People mention that if your nest egg doesn't keep growing it isn't keeping pace with inflation and is shrinking in real terms. I've wondered about that - if I have x nest egg and a 20 year life span anticipated then if I live a year and my nest egg is the same size it seems the egg only needs to last 19 years, so it effectively HAS grown as the divisor has shrunk.
Works great if we know, even roughly, how many years we have left. Few of us do until very late in the game.

A 65 YO American woman has a life expectancy of 20.5 additional years. Five years later, when she is 70, she does not have a life expectancy of 15.5 years, but instead it is 16.5 years. And even at age 65, though there was a 50% chance she would die by age 87, there was a 25% chance she'd still be alive at age 92 (27 years). And if she >were< alive at 92? Then her average number of years left is about 4 more, but there's a 1-in-10 chance she'll be alive at 100.
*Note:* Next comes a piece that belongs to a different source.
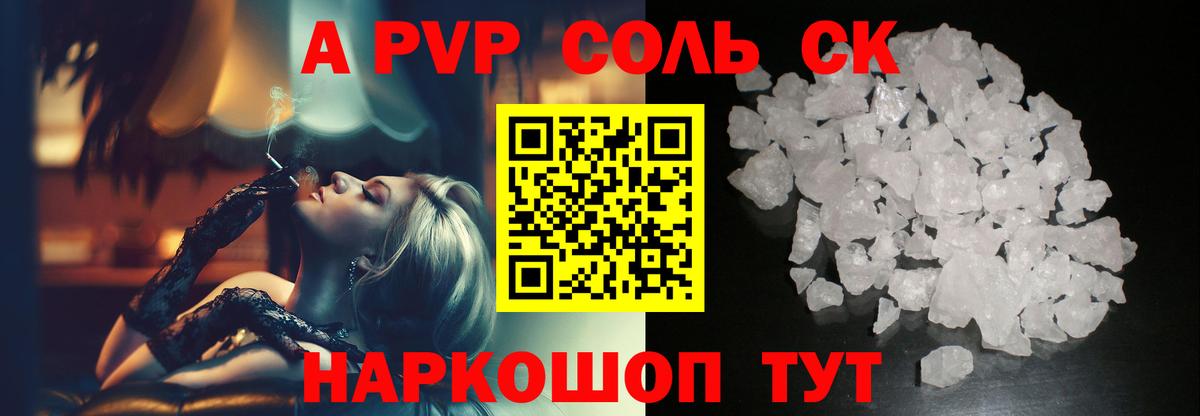 A-PVP кристаллы  APVP Соль  Вход с VPN  Белебей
The "probable" goalposts keep moving back like this, and the "good chance that you'll make it to" goalposts do, too (would any of us be comfortable with a WR that gives a 50% chance of portfolio failure? Then we shouldn't plan on the average or median life expectancy, either). That makes it really hard to burn down to a very low portfolio unless we live a very long time: A 100 year old should feel safe with a 20% WR.
The obvious way to avoid this is to buy an annuity, which absolves us of the need to carry a big pot of money to the end "just in case." An annuity sure reduces the chance of leaving a big pot of money unspent for use by heirs or charities--because an insurance company has the money instead.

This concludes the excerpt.